A contemporary of Tucker was Zoe Crookston, the wife of Camden surgeon, Robert Crookston. A shy retiring type, she lived in grand Victorian mansion at the top of John Street and was the wartime president of the Women’s Voluntary Services. She was a Presbyterian, a liberal-conservative and an active committee member of the United Australia Party in the 1930s. According to her daughter Jacqueline, ‘her mother was a no-nonsense person who always liked to get on with the job at hand’. She was a foundation member of the Camden Red Cross and was actively involved until 1949. Other community organisations occupied her time including being on the committee of the Camden District Hospital Women’s Auxiliary from 1933 to 1945. She was married to Camden medical practitioner Robert Crookston, and had two daughter Suzanne and Jaqueline.

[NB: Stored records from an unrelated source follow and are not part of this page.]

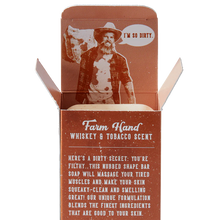 Load image into Gallery viewer, Filthy Man Whiskey &amp; Tobacco Soap
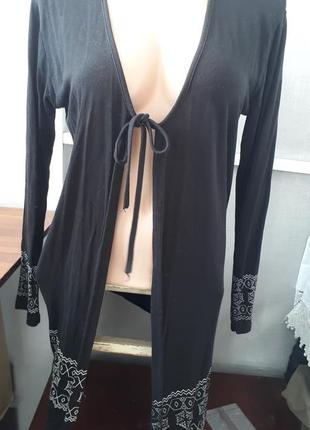 Кардиган трикотажный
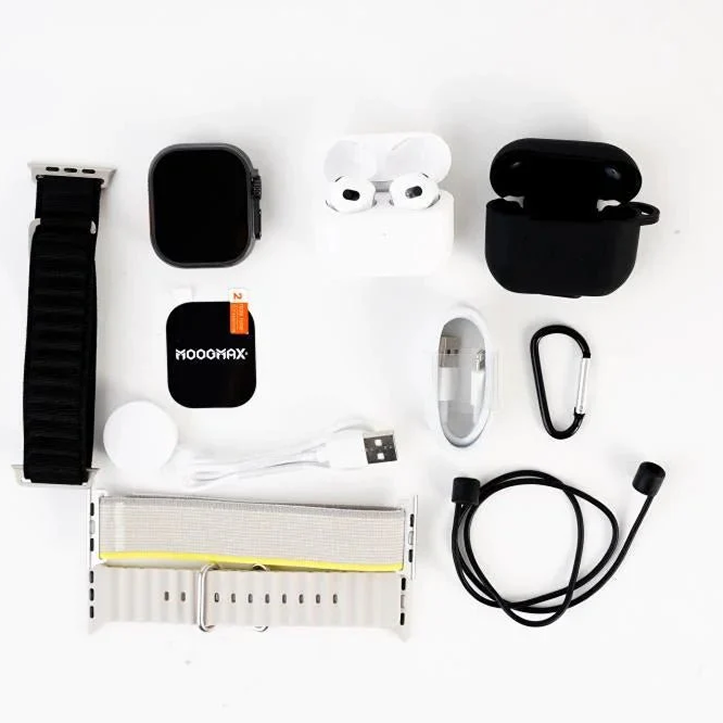 The Smart bundle package 2-in-1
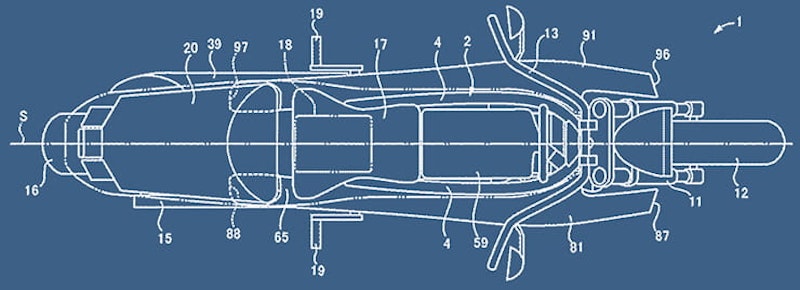 Suzuki Cruiser Turbo overhead_BikeSocial
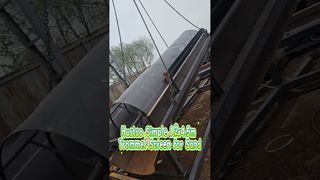 모래용 Huatao Simple 1 2x4 5m 트롬멜 스크린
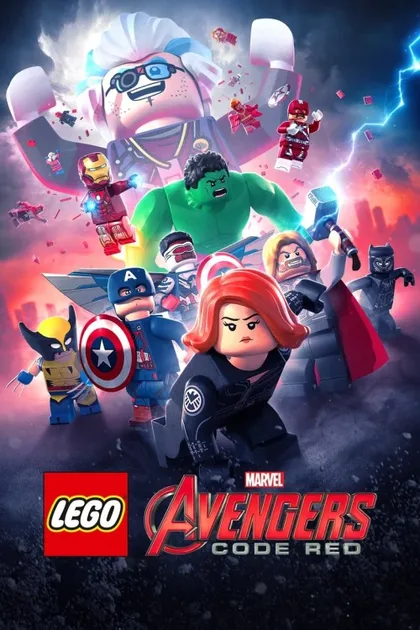 Фильм LEGO-Мстители: Красный Код (2023)
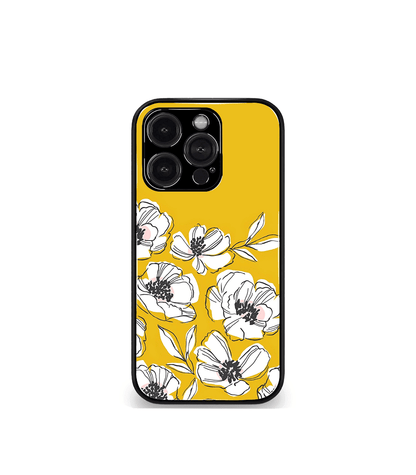 'For Her' Premium Glossy Floral/ Aesthetic Phone Case compatible for every Phone Models.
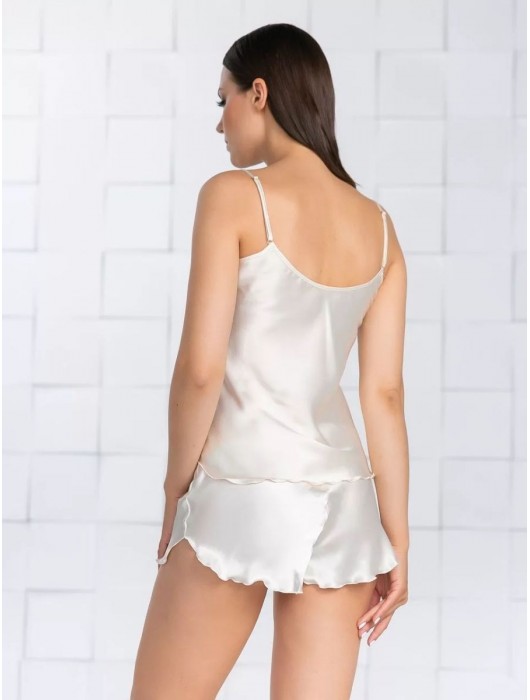 Нежный пижамный комплект с кружевом - Felisse купить с доставкой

A more recent woman of note was Elizabeth Kernohan.  Elizabeth (Liz) Kernohan was the first woman in Camden to be elected as an alderman on council (1973), to the hospital board (1974) and subsequently as deputy mayor (1974), mayor (1980) and finally as a member of parliament (1991). She was a popular local identity until her death in 2004.

Elizabeth Kernohan 1994 Camden Images
Elizabeth Kernohan 1994 (Camden Images)

Kernohan, like earlier Camden women (Sibella Macarthur Onslow and Rita Tucker), combined female agency and active citizenship, and developed a ‘parallel path’ for herself where she acquired considerable social, moral and political authority. She combined her conservatism with civic duty and an ethic of selfless service.

Kernohan’s political success was based on her aggressive use of localist politics in an area that was proud of its rural traditions and heritage.  She was plain speaking to the point where ‘What you see is what you get…(and) I call a spade a bloody shovel’. An approach that endeared her to the local community.

Kernohan was a fierce advocate of Camden’s rural identity in the face of the New Cities Plan (1973) which planned massive urban growth  on the metropolitan fringe.  She maintained in 1981 that Camden should become the ‘Double Bay of Sydney’s southwest’, an exclusivity that is still recognizable in the area’s identity and sense of place. This identity of difference drove her popularity and appealed to the ‘aspirationals’ who moved to the area from the ‘burbs’. The new arrivals were looking for a place where the ‘country still looked like the country’ and were ready converts to her cause.  Above all she proved that all politics is local, to the detriment of her career.